L’ufficio di ispezione degli standard del lavoro ha confermato che l’uomo aveva maturato una grave depressione poco prima del suicidio e che, nei sei mesi precedenti, non aveva preso nemmeno un giorno di ferie per “garantire il buon funzionamento del negozio 24 ore su 24, anche sostituendo altri dipendenti nei loro turni” e “assicurare che il negozio fosse fornito di personale, anche per il lavoro notturno”.
Il proprietario del negozio ha sostenuto che l’uomo avesse problemi non legati al lavoro, ma l’ufficio di ispezione ha alla fine stabilito che si trattava di un infortunio legato al lavoro e la famiglia, composta dalla moglie e tre figli, ora riceverà l’indennità prevista dall’assicurazione per gli infortuni sul lavoro.

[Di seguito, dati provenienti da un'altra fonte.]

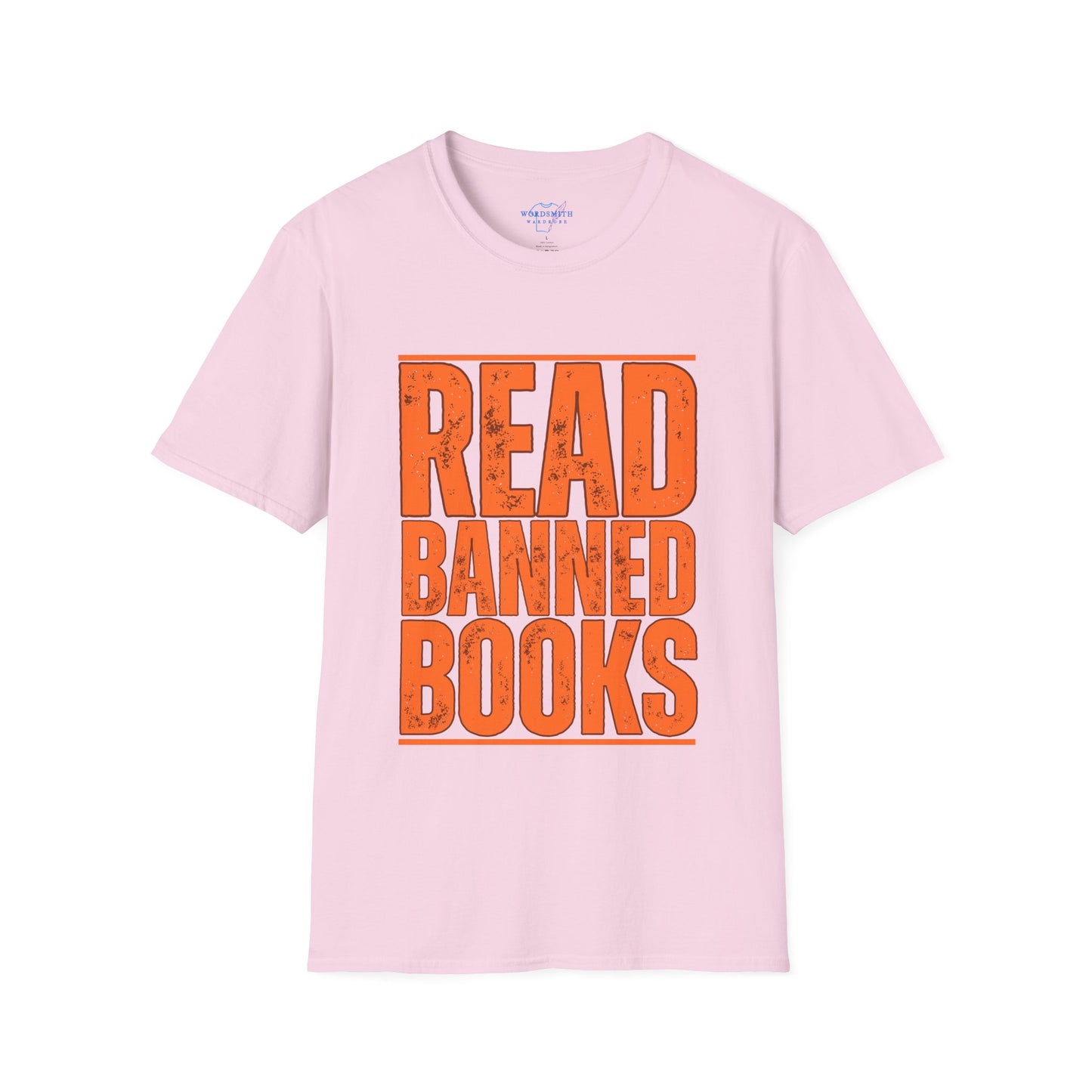 Read Banned Books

La sede centrale di 7-Eleven, nonostante fosse a conoscenza del carico lavorativo dell’uomo, ha declinato ogni responsabilità, affermando che “il defunto ha stipulato un contratto di lavoro con il proprietario del negozio e quest’ultimo è pienamente responsabile del rispetto della legge sugli standard lavorativi e di altre leggi e regolamenti”, aggiungendo che è “fisicamente e oggettivamente impossibile controllare lo stato lavorativo di ogni singolo dipendente” nei circa 20mila negozi affiliati.

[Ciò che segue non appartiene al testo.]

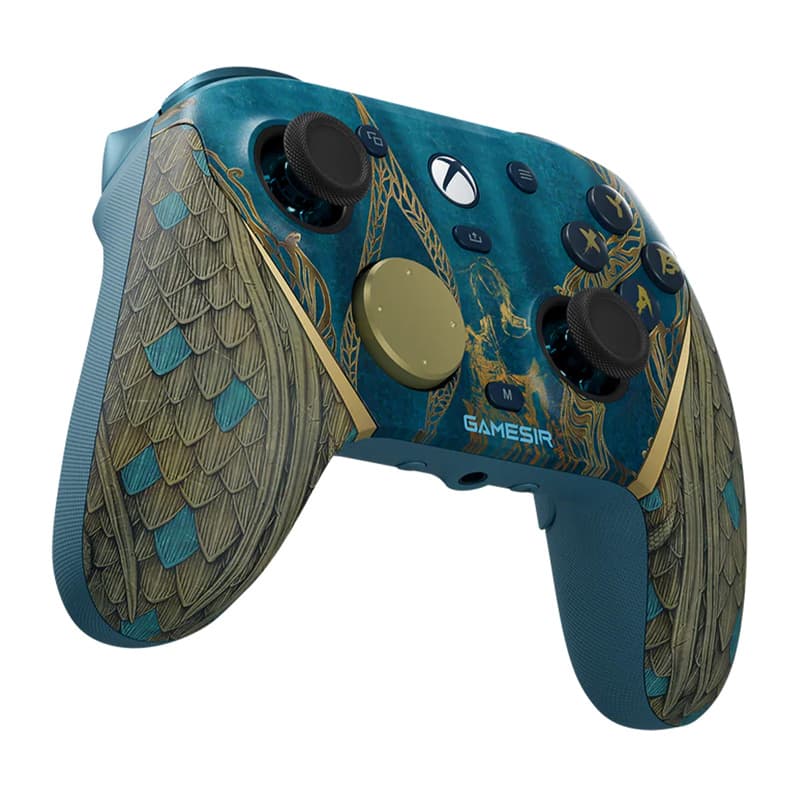 Brezžični krmilnik GameSir G7 Pro WC Wuchang Edition 7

Kyoko Ota, l’avvocato della famiglia, ha osservato che la sede centrale avrebbe potuto monitorare la situazione e intervenire. “La sede centrale avrebbe potuto controllare se (il manager) lavorava ininterrottamente per lunghi periodi di tempo e chiedere al negozio in franchising di apportare miglioramenti”, ha detto. La vedova ha aggiunto: “Vorrei che la sede centrale facesse un lavoro migliore per istruire ed educare i suoi franchisee sul fatto che non è giusto che i lavoratori dei minimarket, anche quelli aperti 24 ore su 24, 7 giorni su 7, lavorino per sei mesi senza mai prendersi un giorno di riposo”.
Le condizioni di lavoro nei convenience store sono da tempo sotto osservazione. Un sondaggio del 2019 del ministero del Lavoro ha mostrato che quasi il 30% dei dipendenti lavora “quasi ogni giorno” e si sono già verificati diversi casi di morte per eccesso di lavoro.